HESI LPN
HESI CAT Exam 2024
1. To evaluate the medication’s effectiveness in a client with a respiratory tract infection, which laboratory values should the nurse monitor?
- A. White blood cell (WBC) count
- B. Sputum culture and sensitivity
- C. Droplet precautions
- D. Protective environment
Correct answer: A
Rationale: The correct answer is A: White blood cell (WBC) count. Monitoring the WBC count helps assess the overall response to infection and the effectiveness of the antibiotic. Sputum culture and sensitivity (choice B) are also important to confirm if the antibiotic is targeting the specific pathogen. Choices C and D, droplet precautions and protective environment, are not laboratory values but rather infection control measures that do not directly evaluate the medication's effectiveness in treating the infection.
2. Where should the nurse choose as the best location to begin a screening program for hypothyroidism?
- A. A business and professional women's group.
- B. An African-American senior citizens center.
- C. A daycare center in a Hispanic neighborhood.
- D. An after-school center for Native-American teens.
Correct answer: B
Rationale: The best location for beginning a screening program for hypothyroidism would be an African-American senior citizens center. This choice is the most suitable as hypothyroidism is more prevalent among older adults, and African-American seniors are at a higher risk for this condition due to various factors like genetics and lifestyle. Choices A, C, and D are less appropriate because hypothyroidism is not specifically linked to business and professional women, Hispanic children, or Native-American teens. Targeting the high-risk group, which in this case, are African-American seniors, increases the chances of successful screening and early detection.
3. A client with rheumatoid arthritis reports a new onset of increasing fatigue. What intervention should the nurse implement first?
- A. Assist the client in conserving energy during daily activities
- B. Explain to the client that this could be a side effect of the medication
- C. Assess the client for pallor
- D. Encourage the client to maintain a balanced diet and hydration
Correct answer: C
Rationale: The correct first intervention for a client with rheumatoid arthritis reporting increasing fatigue is to assess the client for pallor. Fatigue can be a sign of anemia or other complications; assessing for pallor can help determine if anemia is the cause. Option A is incorrect as it does not address the underlying cause of fatigue. Option B assumes the cause without further assessment. Option D is important for overall health but assessing for pallor takes precedence to identify immediate issues related to fatigue.
4. The nurse is caring for a client who is receiving continuous ambulatory peritoneal dialysis (CAPD) and notes that the output flow is 100ml less than the input flow. Which actions should the nurse implement first?
- A. Continue to monitor intake and output with the next exchange
- B. Check the client's blood pressure and serum bicarbonate levels
- C. Irrigate the dialysis catheter
- D. Change the client's position
Correct answer: D
Rationale: In this situation, the priority action for the nurse is to change the client's position. Altering the client's position can help facilitate better fluid drainage in peritoneal dialysis, potentially resolving the issue without the need for more invasive interventions. Continuing to monitor intake and output (Choice A) is important but addressing the immediate drainage issue takes precedence. Checking blood pressure and serum bicarbonate levels (Choice B) is not directly related to the observed output flow discrepancy. Irrigating the dialysis catheter (Choice C) should not be the initial action as it is more invasive and should be considered only if repositioning does not resolve the issue.

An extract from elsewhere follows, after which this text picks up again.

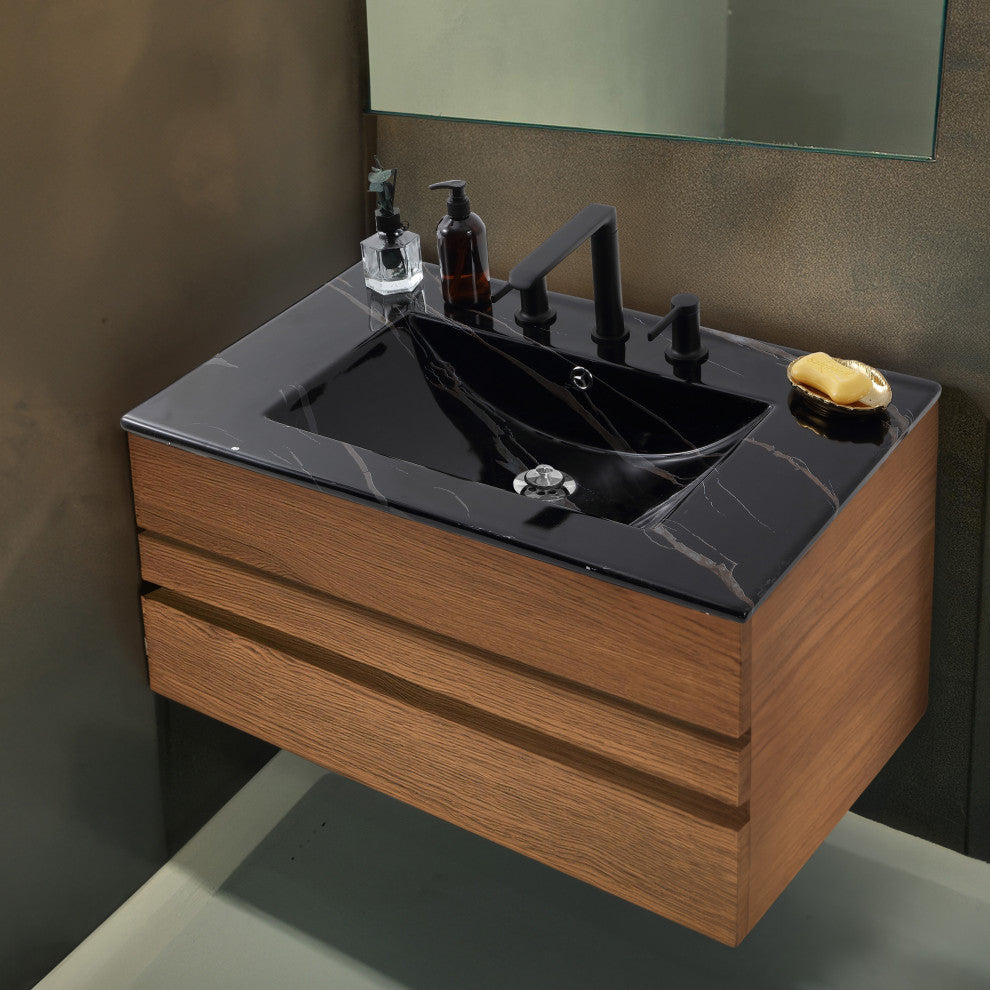Ancillary 3-Hole Contemporary Rectangular Ceramic Single Sink Basin Vanity Top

5. A female client on the mental health unit frequently asks the nurse when she can be discharged. Then, becoming more anxious, she begins to pace the hallway. What intervention should the nurse implement first?
- A. Review the current treatment plan with the client
- B. Inform the healthcare provider about the client’s behaviors
- C. Determine if the client has PRN medication for anxiety
- D. Explore the client’s reasons for wanting to be discharged
Correct answer: D
Rationale: Exploring the client’s reasons for wanting to be discharged should be the first intervention as it helps to address underlying anxieties and concerns. By understanding the client's motivations, the nurse can provide appropriate support and interventions. It can also reduce distress and improve the therapeutic relationship. Reviewing the treatment plan (Choice A) may be important but addressing the immediate distress takes precedence. Informing the healthcare provider (Choice B) can be considered later if necessary. Determining if the client has PRN medication (Choice C) is relevant, but exploring the underlying reasons for the desire to be discharged is more beneficial in this situation.